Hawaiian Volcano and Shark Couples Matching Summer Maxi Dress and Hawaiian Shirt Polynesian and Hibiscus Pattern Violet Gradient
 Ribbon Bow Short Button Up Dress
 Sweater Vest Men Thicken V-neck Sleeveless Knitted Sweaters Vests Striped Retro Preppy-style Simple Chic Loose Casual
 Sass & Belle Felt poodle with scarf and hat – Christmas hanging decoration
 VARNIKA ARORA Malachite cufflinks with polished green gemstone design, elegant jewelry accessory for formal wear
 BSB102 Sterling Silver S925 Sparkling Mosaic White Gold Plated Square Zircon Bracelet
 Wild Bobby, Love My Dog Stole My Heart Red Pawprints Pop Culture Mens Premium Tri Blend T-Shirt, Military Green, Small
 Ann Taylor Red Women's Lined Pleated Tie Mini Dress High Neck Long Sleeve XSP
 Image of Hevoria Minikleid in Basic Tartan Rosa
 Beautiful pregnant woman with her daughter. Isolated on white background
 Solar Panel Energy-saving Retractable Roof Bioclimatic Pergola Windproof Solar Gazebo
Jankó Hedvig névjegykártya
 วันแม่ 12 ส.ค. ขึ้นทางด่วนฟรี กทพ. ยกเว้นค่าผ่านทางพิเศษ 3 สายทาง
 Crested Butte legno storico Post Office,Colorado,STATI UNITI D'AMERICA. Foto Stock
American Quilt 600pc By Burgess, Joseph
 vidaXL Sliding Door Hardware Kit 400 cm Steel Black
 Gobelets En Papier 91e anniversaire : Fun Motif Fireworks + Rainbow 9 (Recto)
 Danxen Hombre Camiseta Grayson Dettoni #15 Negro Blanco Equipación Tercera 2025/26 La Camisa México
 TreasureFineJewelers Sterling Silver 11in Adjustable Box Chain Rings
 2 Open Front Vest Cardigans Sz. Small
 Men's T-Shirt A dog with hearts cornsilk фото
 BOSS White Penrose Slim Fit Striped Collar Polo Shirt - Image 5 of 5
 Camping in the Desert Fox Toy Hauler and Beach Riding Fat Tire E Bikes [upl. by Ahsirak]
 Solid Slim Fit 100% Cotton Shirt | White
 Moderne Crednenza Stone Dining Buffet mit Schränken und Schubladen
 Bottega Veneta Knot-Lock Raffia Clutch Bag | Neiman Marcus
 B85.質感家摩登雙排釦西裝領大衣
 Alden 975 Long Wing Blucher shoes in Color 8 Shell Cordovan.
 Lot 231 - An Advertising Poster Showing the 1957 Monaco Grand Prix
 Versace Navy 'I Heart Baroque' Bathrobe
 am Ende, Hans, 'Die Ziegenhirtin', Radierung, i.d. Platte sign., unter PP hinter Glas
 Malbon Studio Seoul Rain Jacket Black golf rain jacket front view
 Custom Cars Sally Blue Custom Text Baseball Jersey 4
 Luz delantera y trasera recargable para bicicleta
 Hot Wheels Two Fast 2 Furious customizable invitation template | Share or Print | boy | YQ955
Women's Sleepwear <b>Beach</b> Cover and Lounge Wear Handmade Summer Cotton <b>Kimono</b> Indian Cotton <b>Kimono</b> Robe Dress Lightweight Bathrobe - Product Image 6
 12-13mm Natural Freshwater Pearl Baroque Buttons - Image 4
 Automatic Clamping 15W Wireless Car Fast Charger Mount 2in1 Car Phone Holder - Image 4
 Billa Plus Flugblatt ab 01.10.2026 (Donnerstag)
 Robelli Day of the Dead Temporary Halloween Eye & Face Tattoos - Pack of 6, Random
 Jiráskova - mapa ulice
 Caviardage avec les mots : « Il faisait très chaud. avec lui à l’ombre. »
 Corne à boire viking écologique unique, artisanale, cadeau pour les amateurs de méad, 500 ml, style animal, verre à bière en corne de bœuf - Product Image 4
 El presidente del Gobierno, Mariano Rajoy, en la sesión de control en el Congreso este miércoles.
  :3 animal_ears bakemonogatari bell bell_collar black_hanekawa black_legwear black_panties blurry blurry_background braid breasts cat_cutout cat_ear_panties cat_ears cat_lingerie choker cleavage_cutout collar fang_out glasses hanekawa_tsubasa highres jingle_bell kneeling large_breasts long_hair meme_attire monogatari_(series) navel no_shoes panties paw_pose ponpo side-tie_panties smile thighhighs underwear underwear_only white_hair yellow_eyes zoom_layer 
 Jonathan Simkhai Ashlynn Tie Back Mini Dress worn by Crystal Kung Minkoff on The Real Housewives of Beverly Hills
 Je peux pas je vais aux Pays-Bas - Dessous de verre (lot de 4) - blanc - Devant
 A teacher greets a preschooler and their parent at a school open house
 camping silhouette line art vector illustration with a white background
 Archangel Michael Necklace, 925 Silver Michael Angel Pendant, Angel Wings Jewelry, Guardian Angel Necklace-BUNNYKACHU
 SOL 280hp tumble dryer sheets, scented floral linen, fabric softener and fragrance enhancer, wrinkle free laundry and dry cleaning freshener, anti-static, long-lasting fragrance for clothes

_ _ _

YOUR INSTRUCTIONS
Go through the lines above and tally those with the string "Summer". The total is all that is needed.

OUTPUT OF THE EXERCISE
2